Diese beiden diametralen Erkenntnisarten prägten das Abendland, der Streit zwischen ihnen ist noch lange nicht entschieden. Denn die biblisch eingeschränkte Erkenntnisweise hat sich mit der Aura des Heiligen verknüpft und darf nicht angezweifelt werden. Das Hören einer autoritär vorgetragenen Botschaft hat sich als Erkenntnisinstrument fast vollständig durchgesetzt. Die Rhetorik der Offenbarer auf weltlichen und politischen Kanzeln hat gesiegt.
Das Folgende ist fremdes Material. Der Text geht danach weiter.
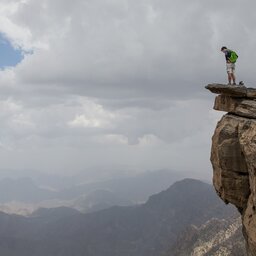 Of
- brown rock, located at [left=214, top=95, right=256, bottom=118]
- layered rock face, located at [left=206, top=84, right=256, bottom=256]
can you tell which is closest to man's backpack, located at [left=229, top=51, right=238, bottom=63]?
layered rock face, located at [left=206, top=84, right=256, bottom=256]

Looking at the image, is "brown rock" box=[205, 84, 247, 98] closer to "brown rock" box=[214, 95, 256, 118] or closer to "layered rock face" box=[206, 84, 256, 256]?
"layered rock face" box=[206, 84, 256, 256]

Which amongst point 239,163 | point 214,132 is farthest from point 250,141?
point 214,132

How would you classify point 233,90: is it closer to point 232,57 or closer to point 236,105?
point 236,105

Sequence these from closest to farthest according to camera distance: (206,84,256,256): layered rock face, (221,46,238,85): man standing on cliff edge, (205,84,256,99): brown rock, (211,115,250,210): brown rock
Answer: (206,84,256,256): layered rock face
(211,115,250,210): brown rock
(205,84,256,99): brown rock
(221,46,238,85): man standing on cliff edge

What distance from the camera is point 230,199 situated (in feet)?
163

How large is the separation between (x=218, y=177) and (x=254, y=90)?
1018cm

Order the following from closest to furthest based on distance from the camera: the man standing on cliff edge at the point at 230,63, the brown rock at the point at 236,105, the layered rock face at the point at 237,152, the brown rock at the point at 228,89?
the layered rock face at the point at 237,152, the brown rock at the point at 236,105, the brown rock at the point at 228,89, the man standing on cliff edge at the point at 230,63

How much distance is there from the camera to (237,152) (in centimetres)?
4722

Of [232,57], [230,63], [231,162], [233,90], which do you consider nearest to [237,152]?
[231,162]

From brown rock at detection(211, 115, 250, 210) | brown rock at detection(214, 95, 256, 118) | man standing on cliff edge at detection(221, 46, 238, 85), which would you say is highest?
man standing on cliff edge at detection(221, 46, 238, 85)

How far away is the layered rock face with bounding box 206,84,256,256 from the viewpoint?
44844 millimetres

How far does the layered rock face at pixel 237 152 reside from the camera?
44.8 meters

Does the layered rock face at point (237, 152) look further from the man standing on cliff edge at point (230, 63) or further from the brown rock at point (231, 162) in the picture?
the man standing on cliff edge at point (230, 63)

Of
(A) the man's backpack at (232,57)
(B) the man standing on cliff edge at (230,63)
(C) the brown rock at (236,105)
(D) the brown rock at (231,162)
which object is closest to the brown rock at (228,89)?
(C) the brown rock at (236,105) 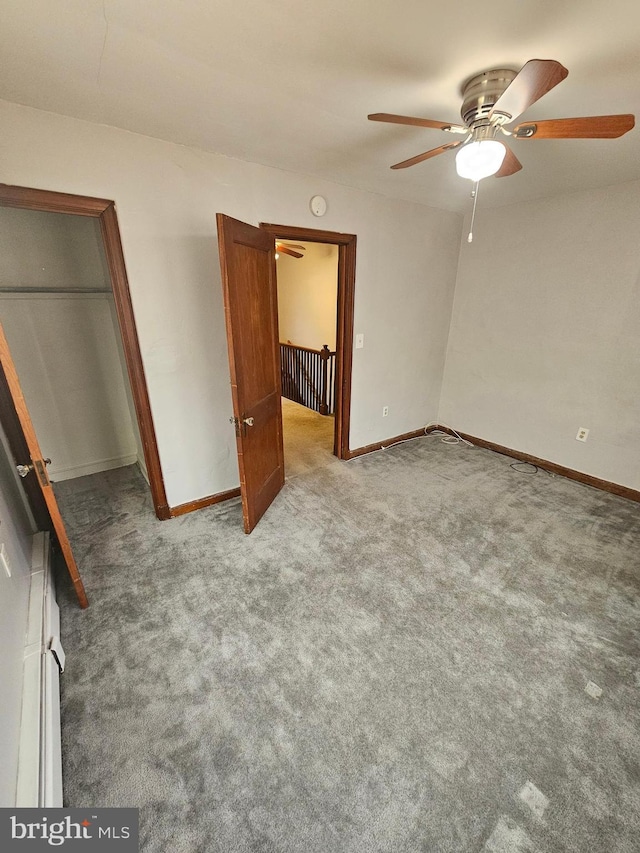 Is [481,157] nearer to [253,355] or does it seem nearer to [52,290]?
[253,355]

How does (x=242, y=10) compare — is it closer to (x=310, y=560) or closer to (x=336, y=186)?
(x=336, y=186)

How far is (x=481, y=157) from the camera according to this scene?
1386 mm

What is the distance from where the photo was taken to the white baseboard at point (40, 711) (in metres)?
1.00

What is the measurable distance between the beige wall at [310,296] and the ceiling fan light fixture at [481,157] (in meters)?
3.05

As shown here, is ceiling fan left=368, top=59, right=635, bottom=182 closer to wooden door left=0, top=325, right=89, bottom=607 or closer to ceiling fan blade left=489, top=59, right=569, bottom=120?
ceiling fan blade left=489, top=59, right=569, bottom=120

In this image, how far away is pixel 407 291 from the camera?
332 cm

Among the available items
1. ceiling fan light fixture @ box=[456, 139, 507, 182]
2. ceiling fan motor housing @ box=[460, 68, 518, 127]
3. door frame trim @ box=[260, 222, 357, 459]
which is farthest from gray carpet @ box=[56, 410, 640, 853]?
ceiling fan motor housing @ box=[460, 68, 518, 127]

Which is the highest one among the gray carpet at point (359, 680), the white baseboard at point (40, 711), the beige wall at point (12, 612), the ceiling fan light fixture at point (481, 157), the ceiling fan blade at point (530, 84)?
the ceiling fan blade at point (530, 84)

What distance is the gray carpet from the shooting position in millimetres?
1071

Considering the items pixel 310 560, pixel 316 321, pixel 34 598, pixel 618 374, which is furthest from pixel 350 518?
pixel 316 321

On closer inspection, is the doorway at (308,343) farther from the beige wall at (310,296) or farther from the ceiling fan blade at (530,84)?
the ceiling fan blade at (530,84)

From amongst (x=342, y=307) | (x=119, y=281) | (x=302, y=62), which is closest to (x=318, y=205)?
(x=342, y=307)

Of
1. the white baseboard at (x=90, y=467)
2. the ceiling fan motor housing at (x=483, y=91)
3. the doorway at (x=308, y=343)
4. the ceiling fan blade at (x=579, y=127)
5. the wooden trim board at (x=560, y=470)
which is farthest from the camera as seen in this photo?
the doorway at (x=308, y=343)

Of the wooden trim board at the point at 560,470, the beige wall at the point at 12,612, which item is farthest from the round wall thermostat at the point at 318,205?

Gespräche, Zweifel, Debatten sind unerwünscht. Selbst der Presseklub will nur Fragen hören, Meinungen sind lästig.

Alles geht von oben nach unten. Jeder Rhetor auf Parteitagen, in Hörsälen ist ein glaubenfordernder Offenbarungsträger. Hat er Charme, muss er auch Charisma haben. Das biblische Erkenntnismodell hat die Moderne besiegt.

Das Erkenntnismodell der griechischen Demokratie hingegen ist Argumentieren auf gleicher Augenhöhe. Vor der Erkenntnis sind alle Menschen gleich. Wer etwas vorzubringen hat, soll nach vorne treten und seine Meinung furchtlos in den Ring werfen – ohne dass er sie als unkritisierbare Offenbarung präsentieren darf.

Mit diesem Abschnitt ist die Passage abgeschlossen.